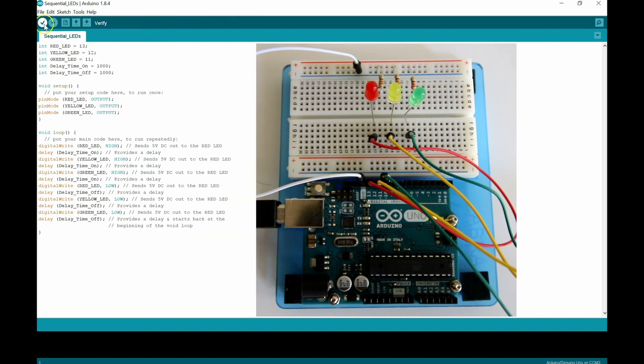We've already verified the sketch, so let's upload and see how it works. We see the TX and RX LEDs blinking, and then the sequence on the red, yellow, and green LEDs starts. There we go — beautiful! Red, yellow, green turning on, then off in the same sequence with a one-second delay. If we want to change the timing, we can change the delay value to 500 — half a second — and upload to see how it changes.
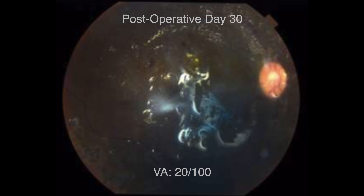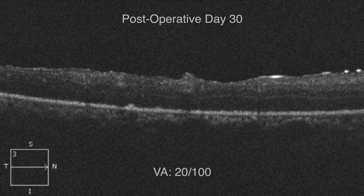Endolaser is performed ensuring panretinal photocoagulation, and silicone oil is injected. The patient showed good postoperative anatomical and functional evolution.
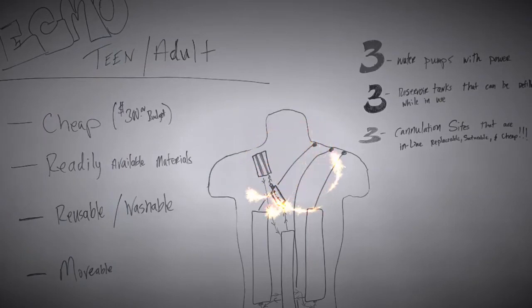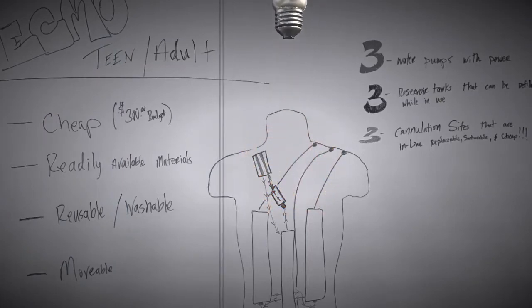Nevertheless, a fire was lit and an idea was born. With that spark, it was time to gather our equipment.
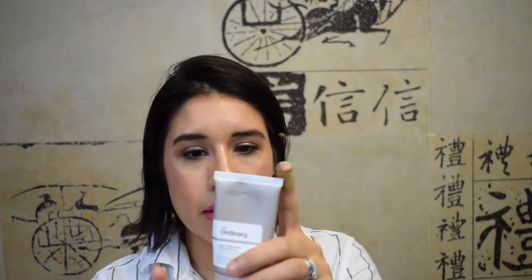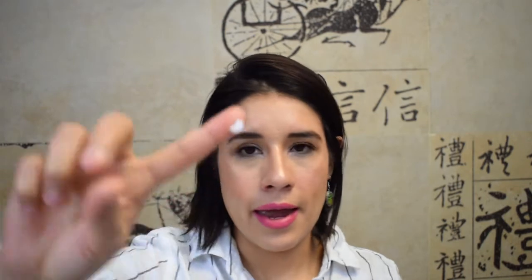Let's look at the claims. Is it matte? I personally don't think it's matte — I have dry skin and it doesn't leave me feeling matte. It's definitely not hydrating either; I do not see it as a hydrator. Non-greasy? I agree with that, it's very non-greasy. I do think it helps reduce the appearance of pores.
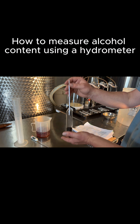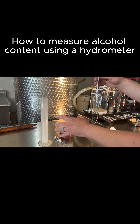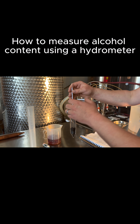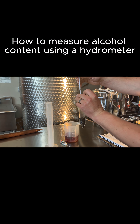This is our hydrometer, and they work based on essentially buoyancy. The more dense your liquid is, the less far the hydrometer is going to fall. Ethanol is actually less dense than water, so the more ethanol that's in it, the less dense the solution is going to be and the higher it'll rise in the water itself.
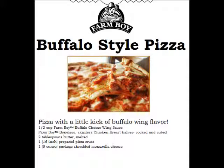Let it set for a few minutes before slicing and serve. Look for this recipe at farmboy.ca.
════════════════
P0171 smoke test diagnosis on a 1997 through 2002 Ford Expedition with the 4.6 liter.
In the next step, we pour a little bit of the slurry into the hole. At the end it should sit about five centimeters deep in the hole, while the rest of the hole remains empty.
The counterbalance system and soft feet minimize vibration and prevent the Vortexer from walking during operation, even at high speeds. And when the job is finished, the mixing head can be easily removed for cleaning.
════════════════
▸ **What is being asked**: Using the entries above, write out exactly the lines from the one with "Endolaser is performed" through the one with "Let's look at", ends included. Leave out any pictures.

▸ **Your response**:
Endolaser is performed ensuring panretinal photocoagulation, and silicone oil is injected. The patient showed good postoperative anatomical and functional evolution.
Nevertheless, a fire was lit and an idea was born. With that spark, it was time to gather our equipment.
Let's look at the claims. Is it matte? I personally don't think it's matte — I have dry skin and it doesn't leave me feeling matte. It's definitely not hydrating either; I do not see it as a hydrator. Non-greasy? I agree with that, it's very non-greasy. I do think it helps reduce the appearance of pores.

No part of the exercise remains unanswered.